Richard R. Hofer Photos From the David Stanley Collection:
On April 20, 1964, CTA and local officials cut the ribbon at Dempster, commencing service on the new five-mile-long Skokie Swift line. This represented but a small portion of the Chicago North Shore and Milwaukee interurban that abandoned service on January 21, 1963. The Chicago Transit Authority had to purchase about half of the Swift route anyway, as their connection to Skokie Shops went over NSL tracks. The CTA decided to offer an express service between Dempster and Howard stations, and put in a large parking lot. Service was put into place using existing equipment at the lowest possible cost. The late George Krambles was put in charge of this project, which received some federal funding as a “demonstration” service, at a time when that was still somewhat unusual. But CTA officials at the time indicated that they would still have started the Swift, even without federal funds. I was nine years old at the time, and rode these trains on the very first day. I can assure you they went 65 miles per hour, as I was watching the speedometer. Needless to say, the experiment was quite successful, and service continues on what is now the Yellow Line today, with the addition of one more stop at Oakton.
The Skokie Swift on April 20, 1964.
The Skokie Swift on April 20, 1964. Note the old tower at right near Dempster, which had been used when “L” service ran on the Niles Center branch here from 1925-48. This tower remained standing for many years.
The Swift on opening day, April 20, 1964.
The Swift strikes a dramatic post on May 10, 1965. The slide identifies this as Main Street.
This car sports an experimental pantograph in October 1966.
A 5000-series articulated train, renumbered into the 51-54 series, at Dempster in October 1966.
In October 1966, we see one of the four articulated 5000s (this was the original 5000-series, circa 1947-48) at Dempster, after having been retrofitted for Swift service, where they continued to run for another 20 years or so.
The Skokie Swift in September 1964.
From 1925 until 1948, the Niles Center line provided local “L” service between Howard and Dempster on tracks owned by the North Shore Line. There were several stations along the way, and here we see one of them, as it appeared in September 1964 before it was removed to improve visibility at this grade crossing. I would have to check to see just which station this was, and whether the third track at left was simply a siding, or went to Skokie Shops. Miles Beitler says this is the “Kostner station looking east. The third track on the left was simply a siding, a remnant of North Shore Line freight service.”

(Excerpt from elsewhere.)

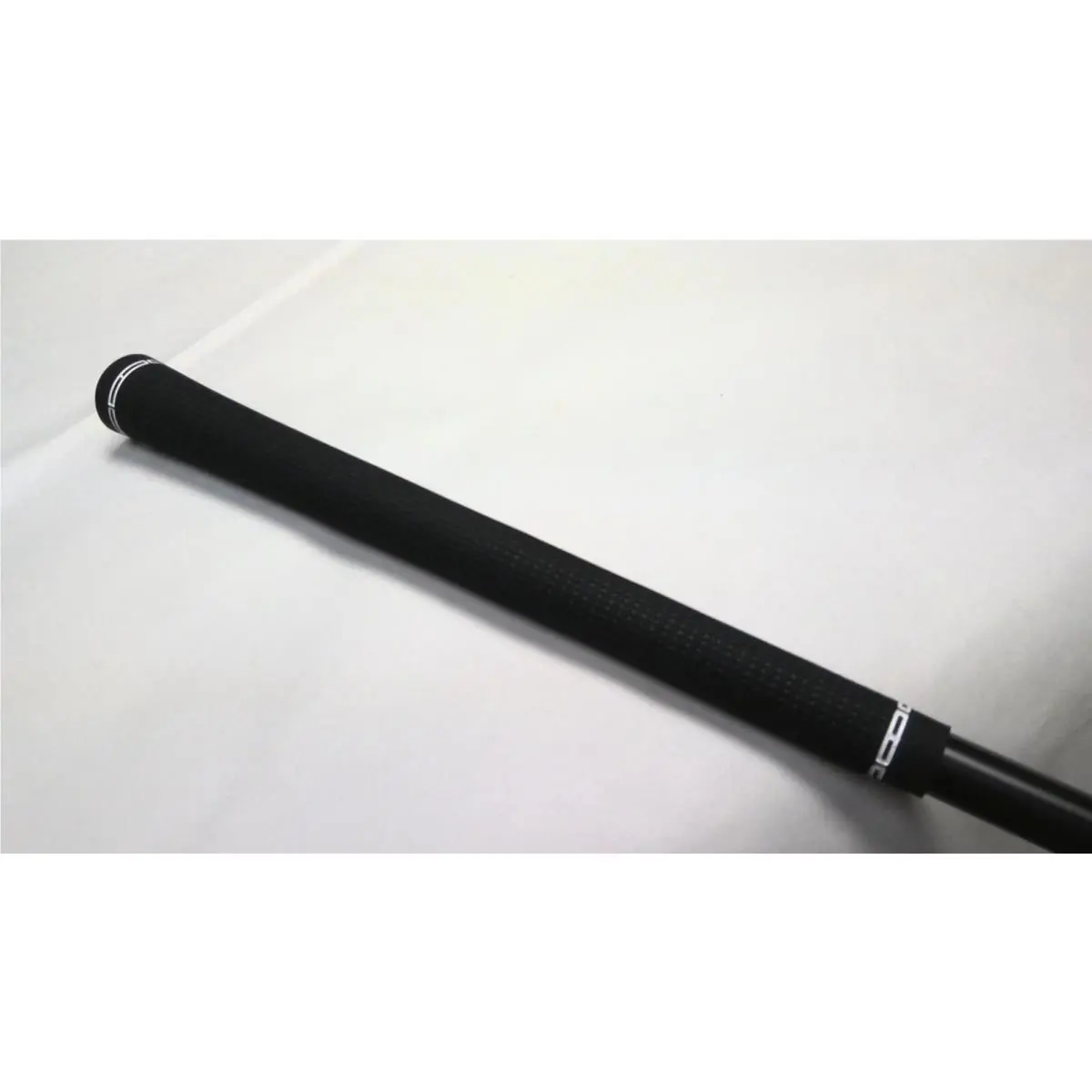 Titleist  - TITLEIST GT3 - Black 2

Here is a nice view of the relatively spartan facilities at Dempster terminal on the Skokie Swift in September 1964. Service had been running for five months. This has since been improved and upgraded.
In October 1966, a southbound Howard train has just left Howard terminal, and a single-car Evanston shuttle train has taken its place. After its riders depart, it will change ends on a siding just south of the station, and then head north after picking up passengers at the opposite platform.
A Skokie Swift single-car unit at Howard in December 1968.
An Evanston train of 4000s at Howard in December 1968.
Two Swift trains at Howard, December 1968.
At left, a northbound Skokie Swift car, and at right, a southbound Howard “A” train at the Howard terminal in October 1966.
Two single car units in October 1966, both equipped for overhead wire, but for different purposes. In the foreground, an Evanston shuttle car has trolley poles, while the Skokie Swift car at rear uses pantographs. Evanston was converted to third rail in 1973, and the Swift about 30 years after that.
Same as the previous picture, this overhead shot from the transfer bridge, taken in October 1966, shows the difference in current collection on two of the CTA’s 50 single car units.
A southbound Evanston shuttle train approaches the Howard terminal. Third rail was banned in Evanston by local ordinance until 1973.
In September 1964, a four-car Evanston Express train approaches (I think) the old station at State and Van Buren. All four cars are single car units equipped with trolley poles, for use in Evanston where local laws did not permit use of third rail for current collection. In the early 1970s, this station was closed and removed, but was eventually put back, to serve the Harold Washington Library. This leg of the Loop “L” had a continuous platform for some time, which is visible here. George Trapp: “The September 1964 photo of four single unit cars 25-28, 39-50 on the Evanston Express are at Madison & Wells not State & Van Buren. Note crossover at Washington where non rush Ravenswood and late AM Evanston Expresses crossed over to the Inner Loop after stopping at Randolph & Wells on the Outer Loop. There was also a long continuous platform from Randolph to Madison.”
In September 1964, at a time when the Loop “L” had uni-directional service (counter-clockwise), a Ravenswood “A” train approaches Clark and Lake. On the other hand, George Trapp says we are “at Madison & Wells, notice the clocktower for Grand Central Station with B&O in distance. At that time many more cars is series 6001-6130 still had their original headlight arrangement.”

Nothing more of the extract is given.